EPA has duty to act on climate

With so much land on the Peninsula classified as bushfire-prone the community may be relieved to learn the outcome of a recent court challenge which makes the NSW Environmental Protection Authority (EPA) responsible for taking action on climate change.

A group called Bushfire Survivors for Climate Action (BSCA) has celebrated a landmark win after the NSW Land and Environment Court ruled that EPA has a duty to take serious action on greenhouse gas emissions and climate change. 

It is the first time that an Australian Court has ordered a government to take meaningful action on climate change. 

Jo Dodds, BSCA President said, “This is a significant win for everyone who has been affected by bushfires.

“Bushfire survivors have been working for years to rebuild their homes, their lives and their communities.

“This ruling means they can do so with confidence that the EPA must now also work to reduce greenhouse gas emissions in the state,” Dodds said.
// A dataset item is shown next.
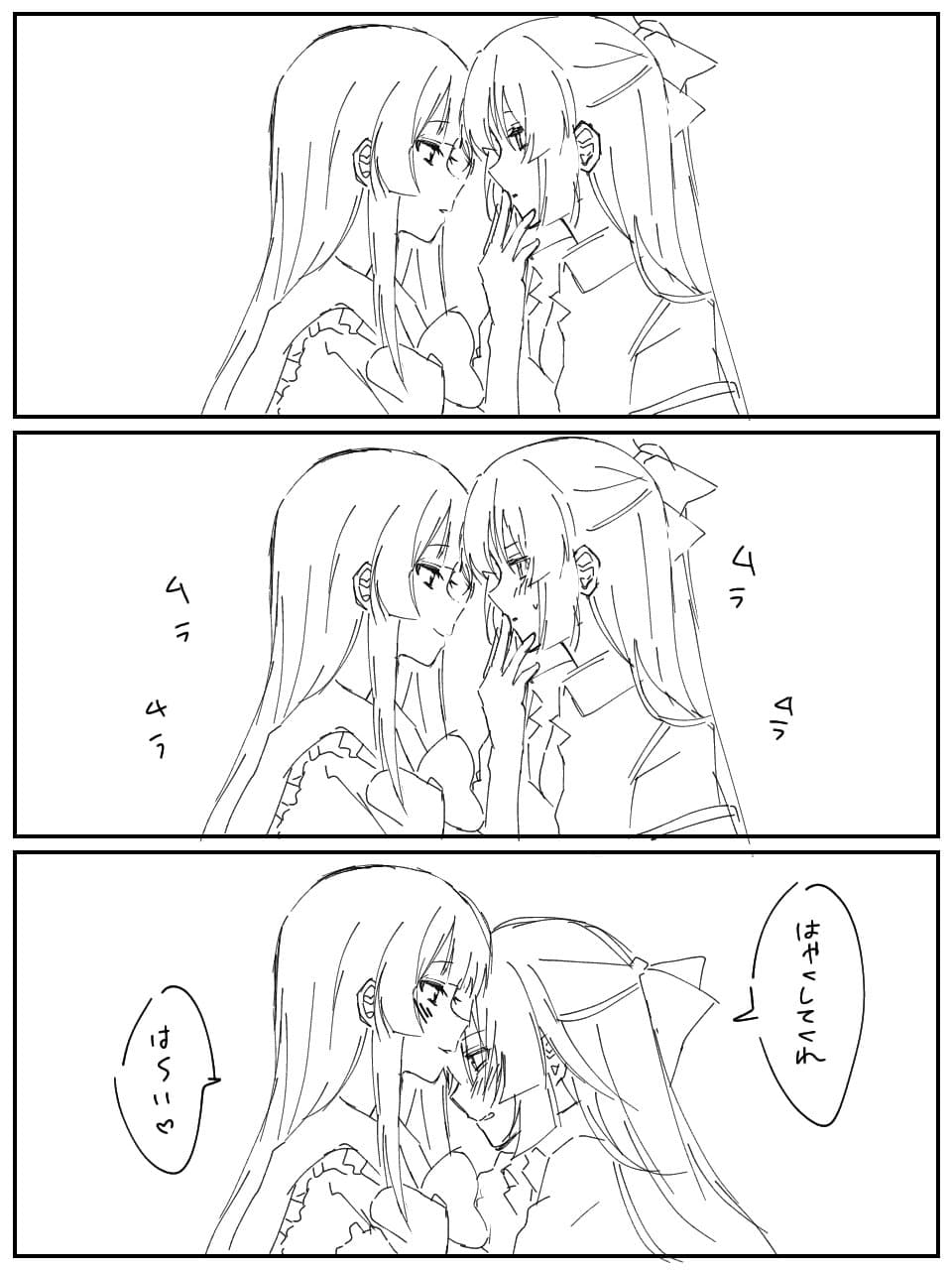 Reply image .jpg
 “Global warming is creating the conditions that can lead to hotter and fiercer fires, and all of us need to work to make sure we’re doing everything we can to prevent a disaster like we saw during 2019 and 2020.”

With the support of the Environmental Defenders Office (EDO), BSCA sought to compel the NSW EPA to develop policies that measure and regulate greenhouse gasses in the state.

As part of the case, BSCA presented expert scientific evidence from former Australian Chief Scientist, Professor Penny Sackett, on the links between bushfires and climate change. 

EDO Director of Legal Strategy Elaine Johnson said the decision was “a major step forward in holding governments to account on climate policy.

“As our lead environmental regulator, the EPA has the power to take immediate action on climate change, for example, by putting a price on carbon, or requiring industry to reduce emissions to safe levels through the licences.  Now, the EPA has been ordered to take action.”